けれども、私は問いたいのです。終活はもちろん大切ですが、その前に、あなたの体調急変を早く見つけてもらえる自信はありますか? 急変して残念なことに亡くなってしまった場合、あなたの遺体を早く見つけてもらえる自信はありますか?
死への扉は突然開かれます。それがいつかは誰にも、自分自身にもわかりません。同居人がいてもすぐには気づかれないかもしれないし、いつまでも同居が続くとも限りません。
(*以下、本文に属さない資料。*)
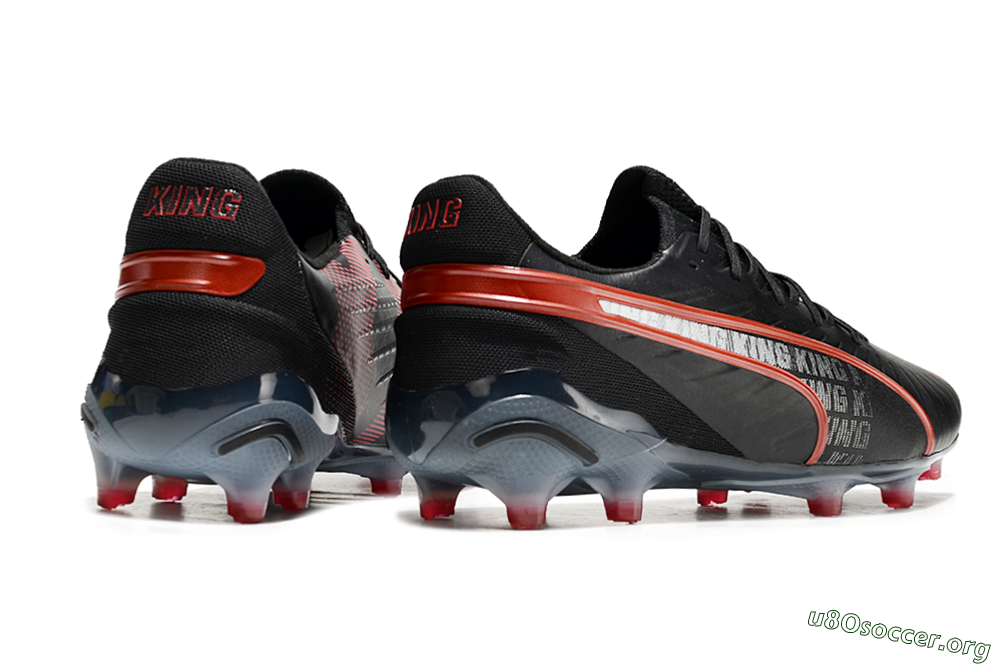 Puma King Ultimate Launch Edition FG Football Boots - Black/Red 6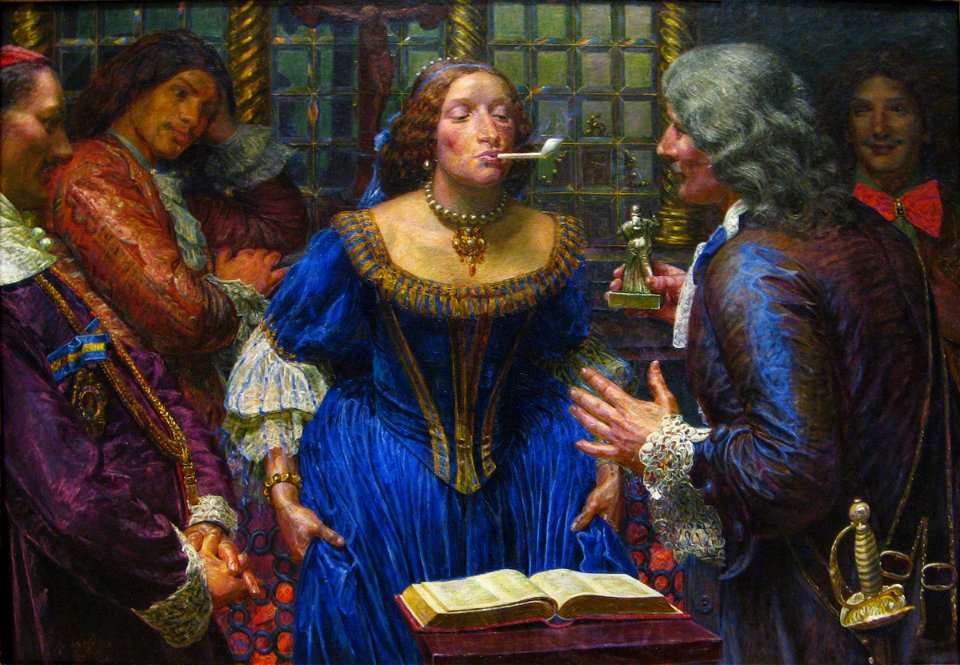 Kristian Zahrtmann (1843-1917) Dronning Christina i Palazzo Corsini (1908)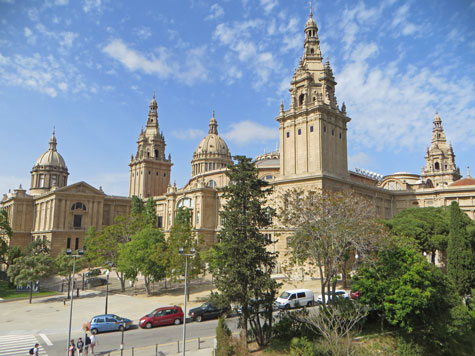 National Palace in Barcelona Catalonia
老若男女問わず、とくに一人暮らしの人は何か方法を考えておかないと本当に誰にも発見されないかもしれません。遺体は放置されればやがて腐敗していきます。腐敗した姿は人間の尊厳を大きく損ないかねません。そして、遺体を見つけた誰かが辛い思いに耐えて対応することになるのです。
終活をするなら、併せて体調急変時などに早期に発見してもらう方法についても考えるべきだと思います。死んでしまったら、そこに自分の遺体が残るのです。
生前の社会的つながりは早期発見の鍵になります。遠方の親族よりも近隣住民や友人、会社関係者などが気にかけてくれるほうが大きな助けになります。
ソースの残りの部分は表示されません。